Work item: Lines from the beginning of the material below through the line that has "6828 NW 13th Street Plantation FL 33313" are to be reproduced exactly, but pictures are not.

Information supplied:
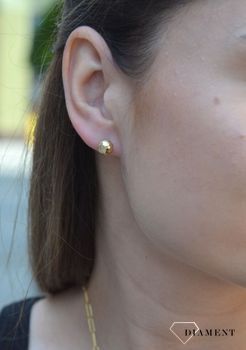 Złote kolczyki 333 kulki grawerowane KL 3422 333. Kolczyki w minimalistycznym stylu, wpisujące się w obecne trendy modowe. Delikatna forma, złota to idealne uzupełnienie eleganckich stylizacji (1).JPG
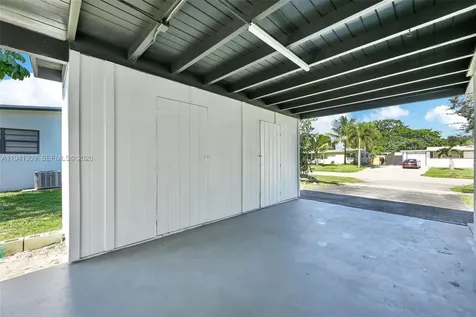6828 NW 13th Street Plantation FL 33313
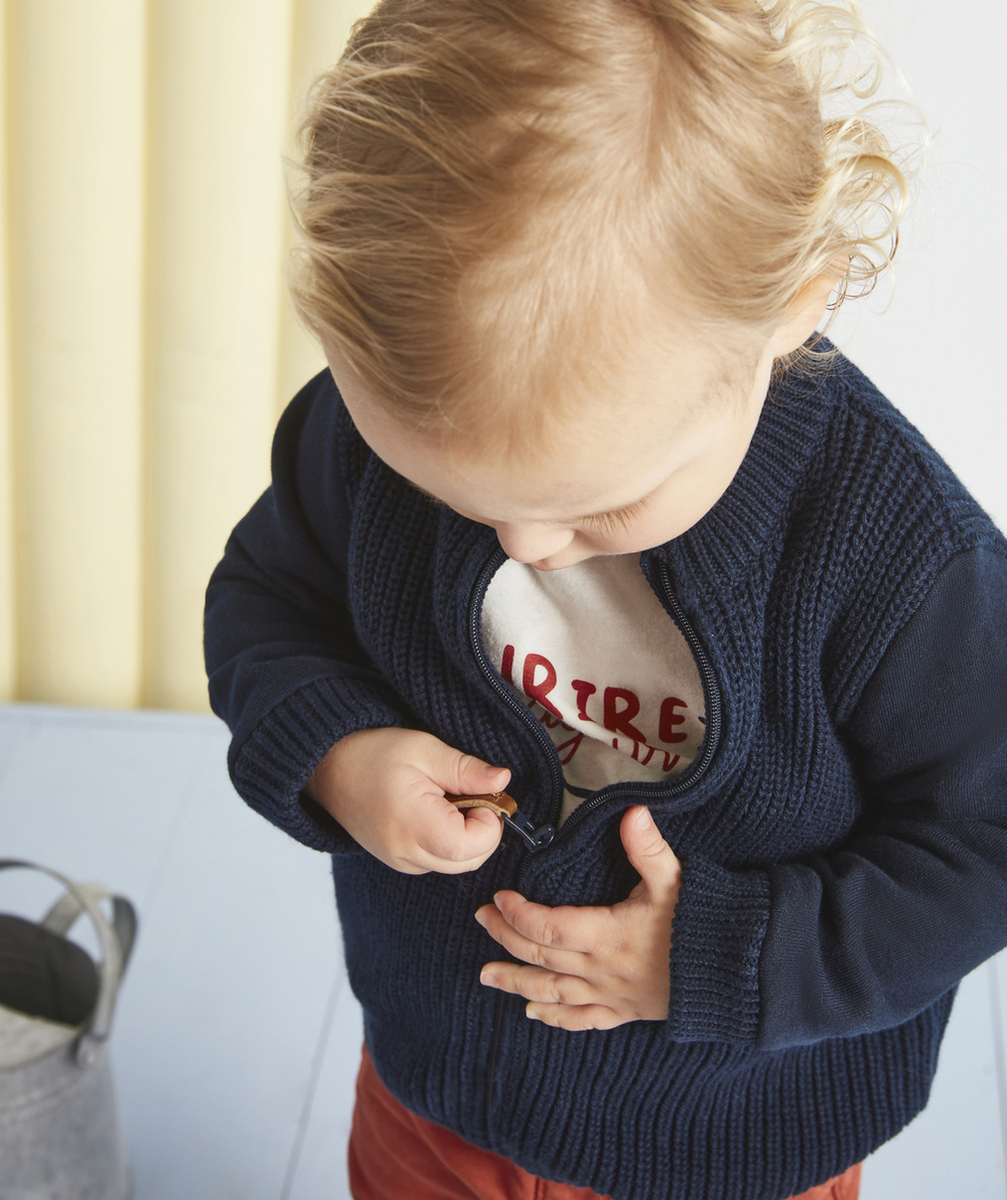 GILET EN TRICOT À ZIP BI MATIÈRE BLEU MARINE BÉBÉ GARÇON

Exercise output:
 Złote kolczyki 333 kulki grawerowane KL 3422 333. Kolczyki w minimalistycznym stylu, wpisujące się w obecne trendy modowe. Delikatna forma, złota to idealne uzupełnienie eleganckich stylizacji (1).JPG
6828 NW 13th Street Plantation FL 33313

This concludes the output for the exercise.